On to the climate impacts, which are equally complicated and require much more research, thought and understanding then we have time to delve into here. Here are a few facts. We know that methane gas, a greenhouse gas, is 34 times more potent then carbon dioxide over 100 years and 86 times more over a 20 year period. That’s one of the reasons that natural gas, which is mostly methane, is proving to be a false choice as an alternative to coal. Cows and farm animals produce methane, from both ends of their bodies, when they burp and fart. It may sound funny, but in the huge numbers we are raising these animals and consuming their meat and dairy products, this is a significant driver of climate change. At the Paris Climate Conference in late 2015, reports put this number between 15-20% of all human induced climate change. Also though, factory farms animal waste, often relegated to huge waste pits, releases huge amounts of methane into the air too. So grass fed should be better right? Not so fast.
Recent studies suggest that grass fed animals may burp more, creating more methane. However, does that mean that grass fed animals are worse for climate change?
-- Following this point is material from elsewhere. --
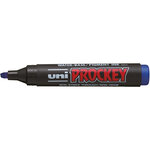 Marqueur permanent uni ball prockey couleurs assorties pointe biseautée 2 à 6 mm - pochette de 4 - uni-ball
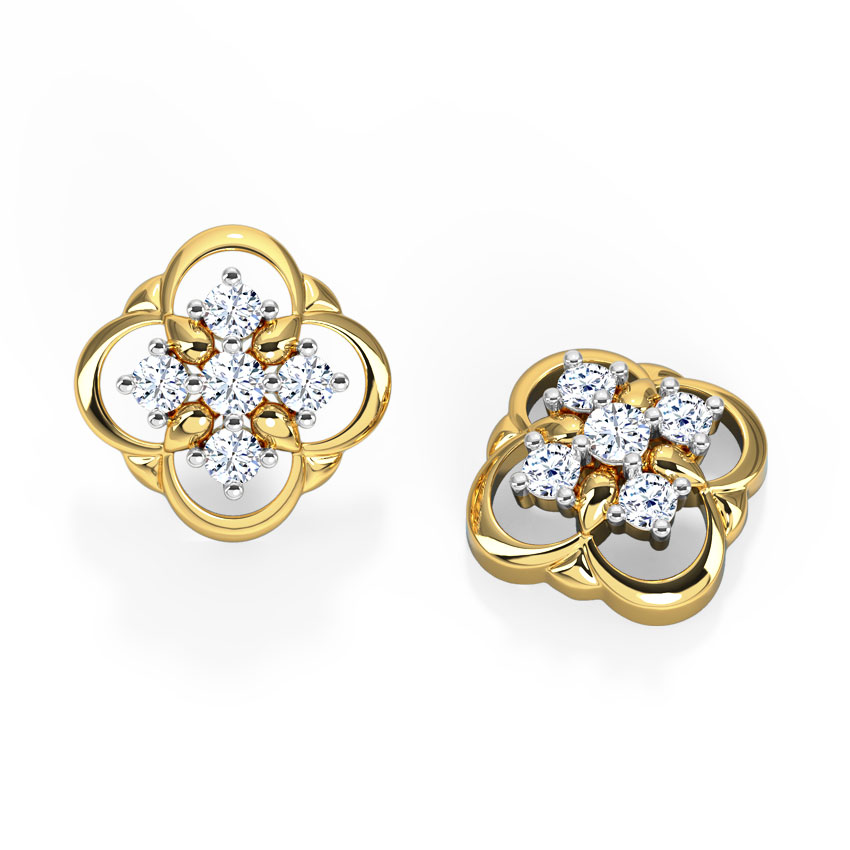 Estrella Diamond Stud Earrings Estrella Diamond Stud Earrings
It depends on a lot of things – on the amount of real grass they eat, how the fields they graze on are managed, and on things like the number of cows in a herd. Grass fed herds by the very nature of the space they require to graze on, are managed in smaller numbers then animals found on factory farms. From what we have read, the benefits of grass fed seem to out way the negatives. In fact, Judith D Schwartz, in her book, ‘Cows Save The Planet’: Soil’s Secrets For Saving The Earth shows us how proper management of soil could solve a long list of environmental problems….including reducing carbon emissions that are drivers of climate change. More research needs to and is being done on this. Clearly, what we do know is that there is too much meat consumption taking place in many countries, with the USA topping that list. Clearly it’s complicated and one simple fix is to reduce or eliminate meat consumption entirely. We hope this has generated a lot for you think about, to research, and to discuss with the kids in your lives.
Getting back to the new Stonyfield 100% grass fed yogurt, which is where we started, we want to let you know we loved it! We tried 4 favors – vanilla, plain, strawberry and blueberry. We ate them out of the container, in smoothies and used them in recipes. For so many reasons, starting with taste and down the line to quality, health and climate, we loved these yogurts and highly recommend them to you!
P.S. ClimateMama is being compensated for this post. As well, we did receive grass fed yogurt samples at no cost from Stonyfield. However, the views and opinions expressed in this post are entirely our own and were not in any way influenced by anyone.